* What you should do:
Your task is to return, word for word, only the lines from the line with "2017 British Virgin" through the close of the data. Exclude all pictures.

------------------------------

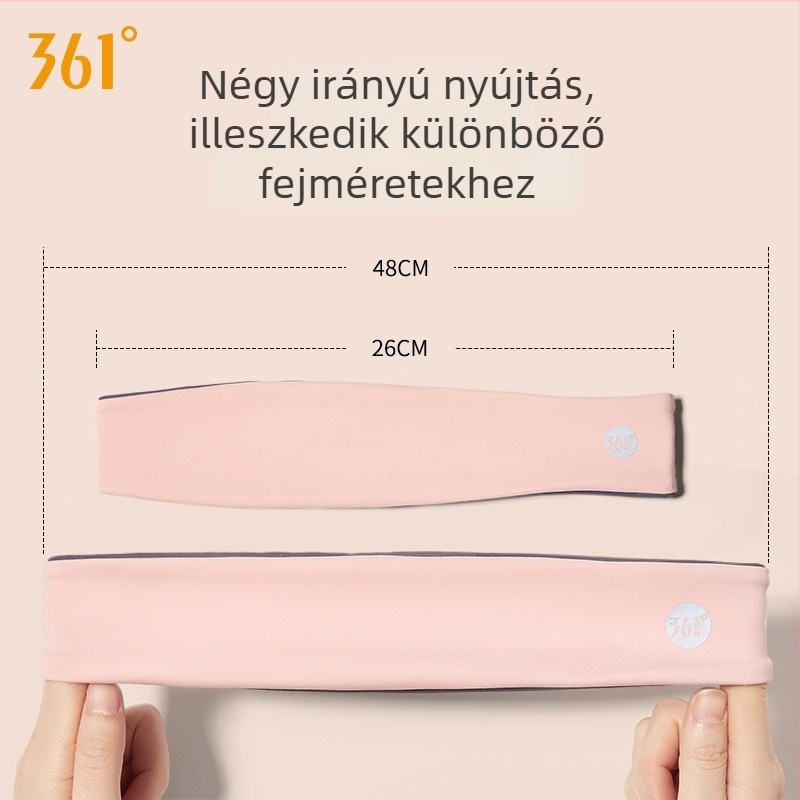 Női koreai stílusú izzadságfelszívó jóga fejkendő, turbános hajkötő (Hangzhou, tavasz 2023)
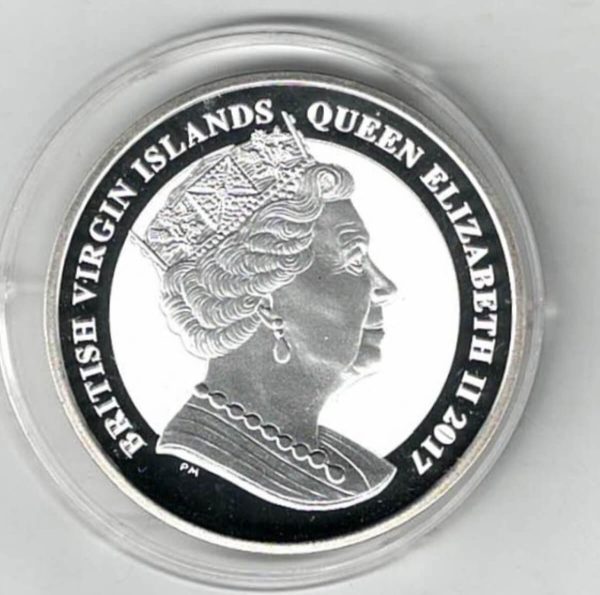 2017 British Virgin Islands Silver One Ounce Pegasus - Image 2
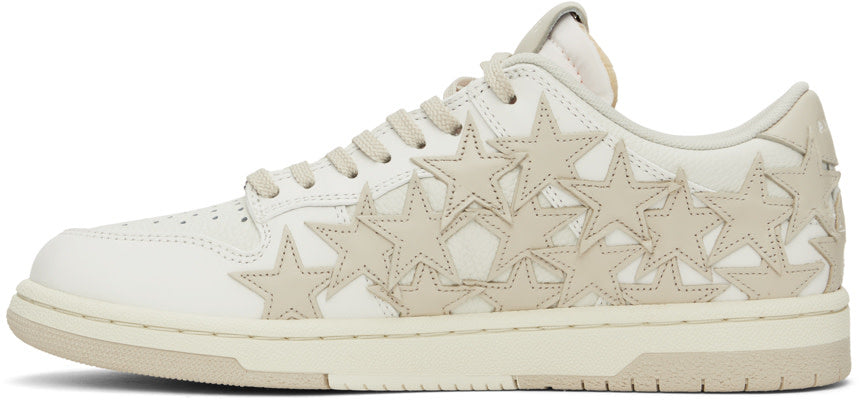 Amiri Beige & White Stars Low Sneakers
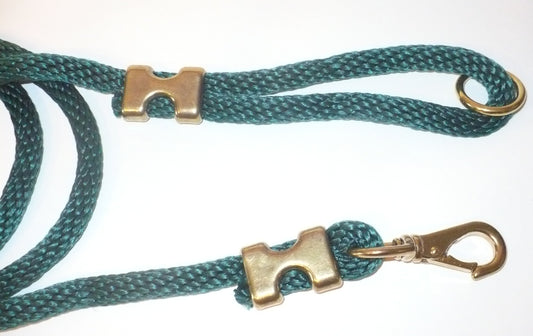 6ft  Cotton Rope Dog Leash – Forester Green
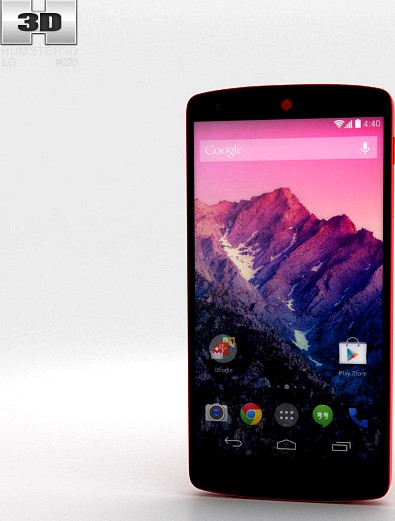 3D model of LG Nexus 5 Red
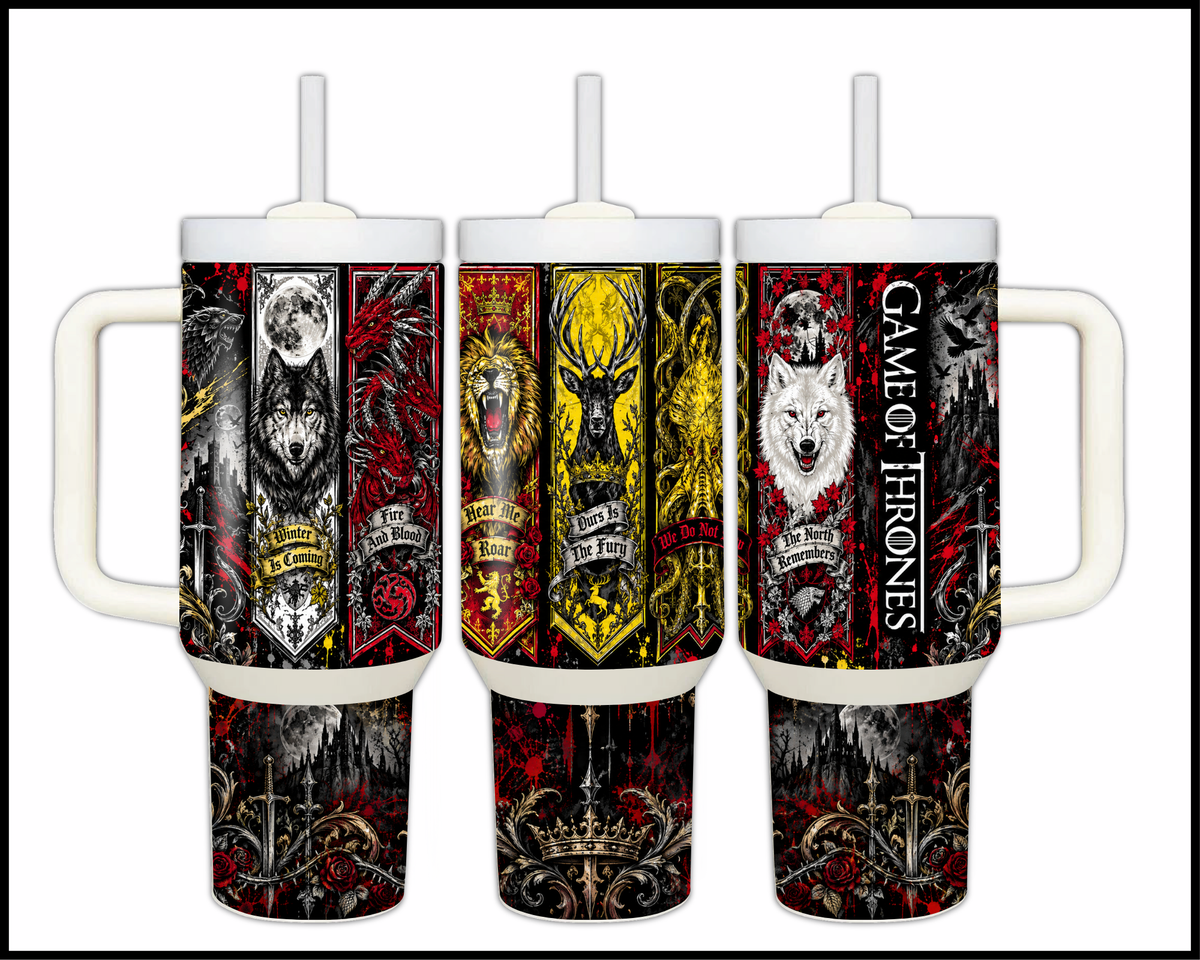 Game Of Thrones Inspired Stainless Steel Big Guzzler Tumbler (1987)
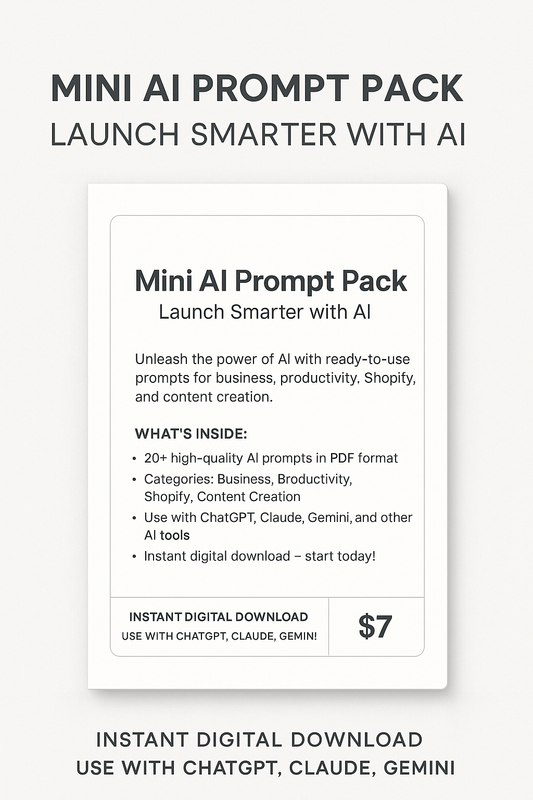 Mini AI Prompt Pack: Launch Smarter with AI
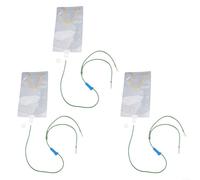 3 Pcs Plant Drip Irrigation Bags with Adjustable Valve for Stress Watering Solutions (1L)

------------------------------

* The completed task:
 2017 British Virgin Islands Silver One Ounce Pegasus - Image 2
 Amiri Beige & White Stars Low Sneakers
 6ft  Cotton Rope Dog Leash – Forester Green
 3D model of LG Nexus 5 Red
 Game Of Thrones Inspired Stainless Steel Big Guzzler Tumbler (1987)
 Mini AI Prompt Pack: Launch Smarter with AI
 3 Pcs Plant Drip Irrigation Bags with Adjustable Valve for Stress Watering Solutions (1L)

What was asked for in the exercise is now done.